Yeah, absolutely -- funnily enough, I'm relatively sure that AWS wants it this way. AWS can be come so complex so fast, especially when they have many ways to do the same thing (often built upon each other) and it isn't necessarily immediately clear which is the best for your usecase. The additional management they give you for some services is minimal -- I'm thoroaughly convinced that most of the "value" offered by RDS is more-or-less thanks to tools like postgres being well-written/robust software.
I agree on the language being relatively trivial too -- maybe the importance of platforms ties into that -- Once the language difference becomes trivial the next big differentiator must indeed be platforms/the well-used structures that are built on the base language. I'll make sure to express that more clearly in the future
If your goal for learning is to just be more employable then yeah I think its a waste of time. The language is probably worth keeping an eye on though and knowing enough about it to consider it in the future if it does pick up significant traction.
And to go even more off topic. I thought the go hype was kind of dying down?
I've been casually following rust for ~5 years now, but finally decided to really put in the effort to learn in in the past several months. It's definitely a slog to really "get" the Rust mindset (as well as learn the various sharp corners of the borrow checker and lifetime systems), but I think it has made me a better programmer.
To write Rust you have to be very conscious of how you're sharing data between functions, structs, and threads. This is a common source of bugs even in GC languages, so working with a compiler that will point out your mistakes teaches you how to avoid such issues in other, less prescriptive languages.
I also think rust is a lot of fun!

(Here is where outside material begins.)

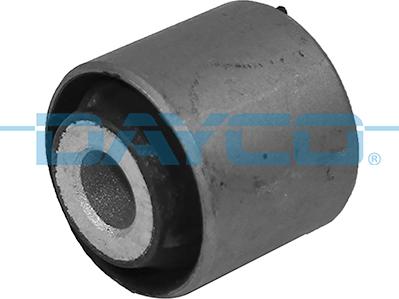 Dayco DSS1057 - Silent Block, Supporto Braccio Oscillante www.autoricambit.com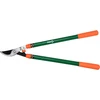 FLO NOŻYCE DO GAŁĘZI teleskopinės 620 - 940mm 99115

I haven't had a chance to use it professionally yet, and it doesn't seem to have made much impact in industry yet, but I think it will get there. Right now it's pretty hard to write networked services (the main market for Go it seems), but that will get a lot better this year as libraries mature and async/await is stabilized.
It depends very much on where you are in your career. If you're at the stage where you feel confident that you can maintain a living, then of course it's 'worth the trouble'. I don't know Rust, and don't imagine it's something I'll ever use professionally, but it's definitely on my (too long, and increasing rather than diminishing) list of things to learn.
If you're not yet 'secure' (no-one ever really is, but you know what I mean), then, you'd probably be better off learning something more immediately bankable, and coming back to Rust later.
Though there's no rule. An early-stage developer might have a passion/aptitude for Rust, and the resources to work hard learning it, contributing to open-source, pitching themselves at companies they've researched and like the look of, etc.
If you aren't marketable and know no other languages, then yes, you should probably start in something more mainstream. Just seems more time efficient.
If you are, then it doesn't matter. Learn a new thing and try it out.
Rust and Go are not in the same category of language. Go is garbage collected; Rust is not.
The value of a language is not defined by how experience with it looks on a resume. If that is your only concern, of course you won't find Rust worthwhile (yet).